He held out his hand now, and reluctantly she shook it. ‘Perhaps you’ll give her my best wishes,’ Simon added. ‘I don’t think any other greeting would be appropriate, after thirty years.’ If there was a twitch of a smile, it was gone before Harriet could be sure. ‘This way,’ Simon said. ‘I’m sorry the passage is so dark.’
There was the crumbling hallway again, the front door and then the empty street. Simon shook her hand once again, as if she was the well-meaning but unwelcome official he had first taken her for, then closed the door.
The autumn afternoon was already almost over. There were yellow lights showing in two or three of the windows opposite, and in contrast with the cosiness Simon’s house seemed morbidly chilly and dark. Angry with herself, smarting with the rejection, Harriet began to walk away.
A small boy on roller skates rattled over the uneven paving stones, wobbled, and almost fell.
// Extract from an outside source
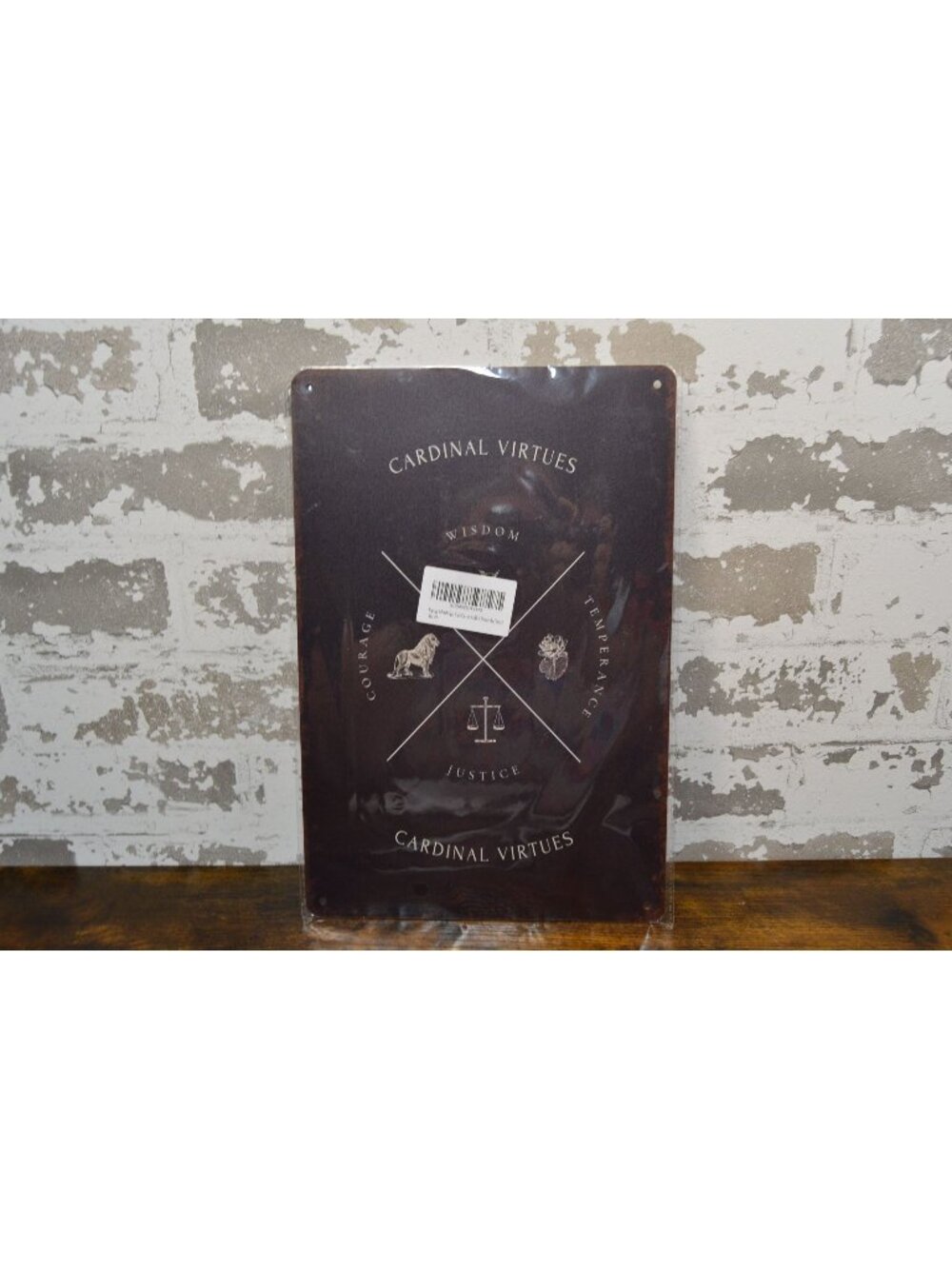 Cardinal Virtues Metal Sign Justice Wisdom Courage Temperance 8 x 12 inches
He grabbed at her arm to save himself.
‘Be careful,’ Harriet warned, and he gaped up at her, dirty-faced and cheerful.
‘You’ve never been in there, have you?’ He jerked his head at Simon’s gate.
‘Yes, I have. Why not?’
He whistled, pretending admiration. ‘Cos he’s mad. My sister said. You want to watch he doesn’t get you.’ Delighted with his dire warning he launched himself off again.
Harriet watched him almost collide with Kath’s lamp-post. Even in her girlhood, Kath had said, the little children tended to avoid Simon’s house. Now, a solitary old man existing in a nest of newspapers and rubbish, he was a bogeyman to frighten another generation. Sadness for him overcame Harriet’s bitterness and hungry curiosity once more, and made her want to know about him for his own sake. She looked up at the house but it was obstinately dark.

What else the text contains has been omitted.